Abril fez-se para se ter Liberdade. Mas, no ano do cinquentenário deste dia a que tantos apelam diariamente, a Liberdade parece ser uma miragem cada vez mais ofuscada pelas parangonas que vão enchendo os escaparates e vendendo novas edições…

Aparentemente, a liberdade é um valor transversal na nossa sociedade e indissociável da democracia. Vivemos actualmente num Portugal com uma rede de legislação cada vez mais inclusiva. Crianças já podem trocar de género; mulheres podem abortar sem que lhes seja colocado algum entrave; e, daqui a pouco tempo, poderemos morrer quando quisermos, livremente, sem que a nossa morte seja anunciada como um tradicional suicídio. Somos livres… enfim!

Mas será que não valia a pena parar um pouco para repensar esta liberdade? É que no léxico português que resultou da revolução, o uso da palavra “liberdade” multiplica-se de forma exponencial, transformando um valor que é absoluto para a democracia, num banalizado adjectivo que vai perdendo a sua importância com o correr dos tempos.

Quantas vezes vemos a palavra “liberdade” conjugada directamente com o substantivo “responsabilidade”? E o que é a liberdade sem a responsabilidade? Não será sinónimo de uma anarquia que acaba por promover a morte dessa mesma liberdade?

PUB • CONTINUE A LER A SEGUIR

Num Mundo em que cada vez mais parece que o solipsismo ganha seguidores, em que todos nos empurram e incentivam a tomar as nossas decisões, sem pensar, nem muitas vezes ter em conta o impacto que isso vai ter em alguém, é estranho, no mínimo, não podermos ainda votar efectivamente naqueles que queremos que nos representem.

Em Portugal os cidadãos não são livres para votar em quem quiserem. Vota-se naqueles que os partidos determinam e, em última instância, escolhe-se em segunda escolha por entre aqueles que a partidocracia nos impõe. Os portugueses não podem (incrivelmente 50 anos depois de Abril) escolher sequer os deputados que os representam na Assembleia da República!

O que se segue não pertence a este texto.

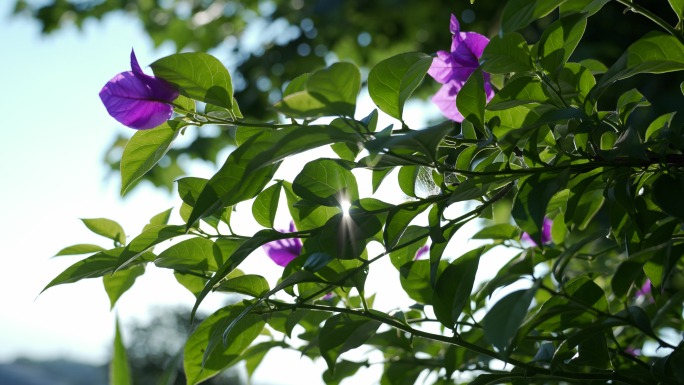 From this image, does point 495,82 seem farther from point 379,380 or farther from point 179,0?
point 179,0

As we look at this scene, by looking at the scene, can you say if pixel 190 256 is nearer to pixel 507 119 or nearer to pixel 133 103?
pixel 133 103

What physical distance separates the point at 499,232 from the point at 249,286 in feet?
0.87

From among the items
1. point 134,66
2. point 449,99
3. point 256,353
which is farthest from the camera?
point 256,353

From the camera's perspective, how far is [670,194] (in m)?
0.28

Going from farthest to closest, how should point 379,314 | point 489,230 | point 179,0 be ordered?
point 179,0 < point 489,230 < point 379,314

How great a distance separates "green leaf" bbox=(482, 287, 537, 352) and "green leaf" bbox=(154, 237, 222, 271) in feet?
0.71

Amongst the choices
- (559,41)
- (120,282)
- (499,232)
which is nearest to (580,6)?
(559,41)

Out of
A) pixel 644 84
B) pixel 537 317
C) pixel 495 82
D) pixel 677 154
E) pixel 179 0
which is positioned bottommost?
pixel 537 317

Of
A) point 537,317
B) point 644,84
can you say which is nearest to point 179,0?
point 644,84

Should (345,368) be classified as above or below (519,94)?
below

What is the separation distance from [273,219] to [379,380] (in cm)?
25

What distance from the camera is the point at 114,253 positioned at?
38 centimetres

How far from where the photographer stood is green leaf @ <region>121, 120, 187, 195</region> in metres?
0.34

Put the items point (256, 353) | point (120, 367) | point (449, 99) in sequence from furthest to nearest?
point (120, 367)
point (256, 353)
point (449, 99) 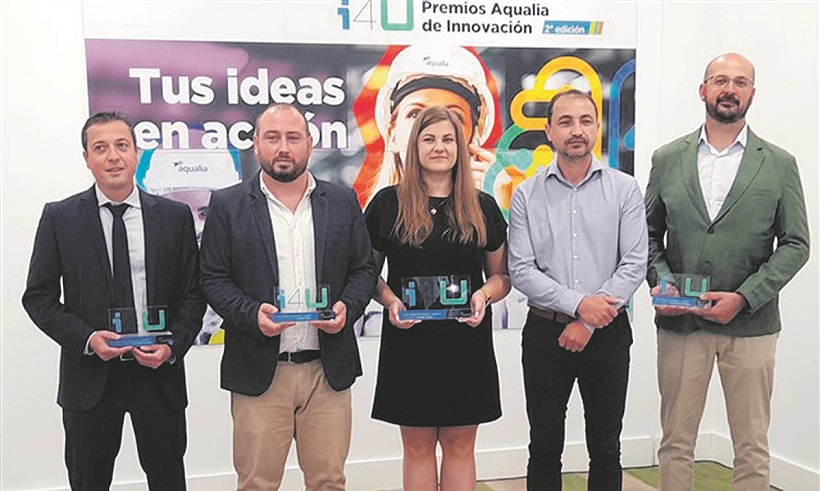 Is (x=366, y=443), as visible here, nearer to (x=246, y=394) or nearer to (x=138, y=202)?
(x=246, y=394)

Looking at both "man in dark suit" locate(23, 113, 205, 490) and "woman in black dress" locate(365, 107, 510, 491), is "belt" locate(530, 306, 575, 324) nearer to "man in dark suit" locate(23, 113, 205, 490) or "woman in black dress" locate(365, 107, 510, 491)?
"woman in black dress" locate(365, 107, 510, 491)

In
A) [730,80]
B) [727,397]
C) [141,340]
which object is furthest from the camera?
[727,397]

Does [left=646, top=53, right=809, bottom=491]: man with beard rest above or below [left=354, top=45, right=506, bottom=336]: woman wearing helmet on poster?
below

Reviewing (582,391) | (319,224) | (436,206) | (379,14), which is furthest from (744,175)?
(379,14)

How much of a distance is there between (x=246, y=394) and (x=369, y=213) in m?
0.85

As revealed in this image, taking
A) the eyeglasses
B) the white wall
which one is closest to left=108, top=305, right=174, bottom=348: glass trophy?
the white wall

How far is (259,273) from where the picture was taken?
9.40 ft

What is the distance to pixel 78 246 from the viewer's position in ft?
9.23

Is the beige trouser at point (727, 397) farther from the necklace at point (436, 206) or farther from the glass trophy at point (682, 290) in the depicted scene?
the necklace at point (436, 206)

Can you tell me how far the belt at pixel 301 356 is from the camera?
2.91m

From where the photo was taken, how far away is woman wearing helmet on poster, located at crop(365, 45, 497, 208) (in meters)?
4.34

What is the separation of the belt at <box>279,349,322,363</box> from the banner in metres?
1.47

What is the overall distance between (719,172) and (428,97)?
172 centimetres

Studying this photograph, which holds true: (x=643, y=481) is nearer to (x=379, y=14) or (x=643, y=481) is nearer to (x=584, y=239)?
(x=584, y=239)
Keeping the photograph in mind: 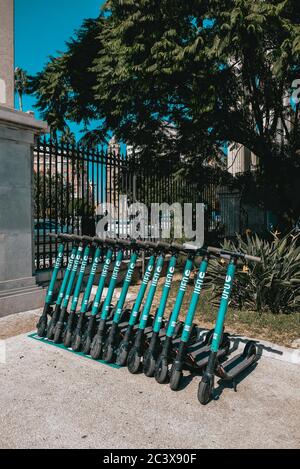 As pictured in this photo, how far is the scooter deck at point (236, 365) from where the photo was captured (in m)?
3.71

Ao não votarmos em pessoas concretas, os deputados eleitos não têm qualquer capacidade de representação perante aqueles que os elegeram nem tão pouco sentem a responsabilidade de terem sido os escolhidos para os defender. Sabem que se quiserem sair, simplesmente, saem e a outra pessoa que figurava como o número depois dele, entra.

A implementação de círculos uninominais em Portugal permitiria uma política de maior proximidade, essencial para a boa governação, e permite um sério escrutínio à acção dos que governam. Pedir responsabilidades aos eleitos!

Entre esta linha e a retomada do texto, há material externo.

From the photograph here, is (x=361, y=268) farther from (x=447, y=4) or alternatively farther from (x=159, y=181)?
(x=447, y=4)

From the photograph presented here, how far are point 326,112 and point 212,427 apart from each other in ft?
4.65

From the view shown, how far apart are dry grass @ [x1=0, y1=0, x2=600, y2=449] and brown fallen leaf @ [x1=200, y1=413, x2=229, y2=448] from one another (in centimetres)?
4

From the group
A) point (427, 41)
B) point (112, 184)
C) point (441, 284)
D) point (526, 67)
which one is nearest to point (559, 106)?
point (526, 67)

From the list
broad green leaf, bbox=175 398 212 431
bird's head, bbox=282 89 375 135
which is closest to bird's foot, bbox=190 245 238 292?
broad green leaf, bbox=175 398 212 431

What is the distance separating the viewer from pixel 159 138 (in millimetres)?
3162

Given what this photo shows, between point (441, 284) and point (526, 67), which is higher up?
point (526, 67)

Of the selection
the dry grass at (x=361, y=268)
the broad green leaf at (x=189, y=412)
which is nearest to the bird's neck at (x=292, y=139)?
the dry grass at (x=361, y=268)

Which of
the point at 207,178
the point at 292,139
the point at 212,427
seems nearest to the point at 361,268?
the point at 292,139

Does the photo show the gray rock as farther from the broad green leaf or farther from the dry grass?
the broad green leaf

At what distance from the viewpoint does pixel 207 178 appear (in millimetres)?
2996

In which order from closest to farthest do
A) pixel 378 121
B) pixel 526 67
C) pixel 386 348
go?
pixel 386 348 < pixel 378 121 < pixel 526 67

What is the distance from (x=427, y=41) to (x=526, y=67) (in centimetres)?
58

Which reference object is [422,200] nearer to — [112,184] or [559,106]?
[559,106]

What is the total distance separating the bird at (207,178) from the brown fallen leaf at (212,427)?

50 anos depois de Abril a palavra de ordem tem de ser esta: responsabilidade! Com a responsabilidade de promover o respeito pelo outro e pela diferença, de assumir um cargo para servir o País, de ter a noção de que tem todas as condições para ser um operador da mudança, com isto tudo, a liberdade pode concretizar-se de forma plena, porque as fronteiras que as definem, num Estado de Direito como aquele em que felizmente vivemos, se adequam de forma natural às contrariedades conjunturais que nos vão afectando a cada momento.

Para concluir, e numa perspectiva mais filosófica ou descontraída, é comum dizer-se a que a nossa liberdade termina onde começa a liberdade dos outros. Mas, para mim, e tal como escreve Fernando Pessoa, Liberdade é “ter um livro para ler e não o fazer!”.